╭─ Data block

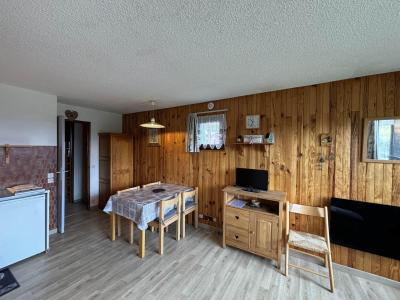 Ski verhuur Studio bergnis 4 personen (415) - Résidence le Village 4 - Les Saisies - Woonkamer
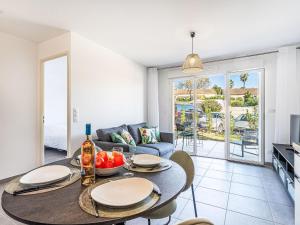 Appartements Apartment Eden Golfe-1 by Interhome : photos des chambres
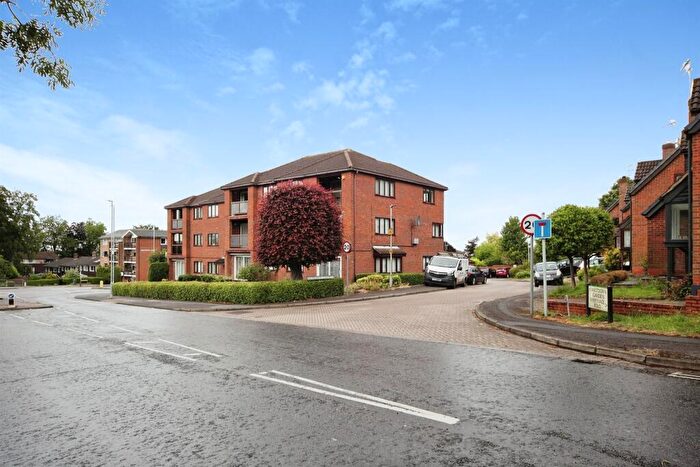 2 Bedroom Flat For Sale In Whipsnade Road, West Dunstable, LU6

╰─

▶ Problem to work on
Nothing but the pictures may be dropped; restate the material word for word.

▶ Your solution
 Ski verhuur Studio bergnis 4 personen (415) - Résidence le Village 4 - Les Saisies - Woonkamer
 Appartements Apartment Eden Golfe-1 by Interhome : photos des chambres
 2 Bedroom Flat For Sale In Whipsnade Road, West Dunstable, LU6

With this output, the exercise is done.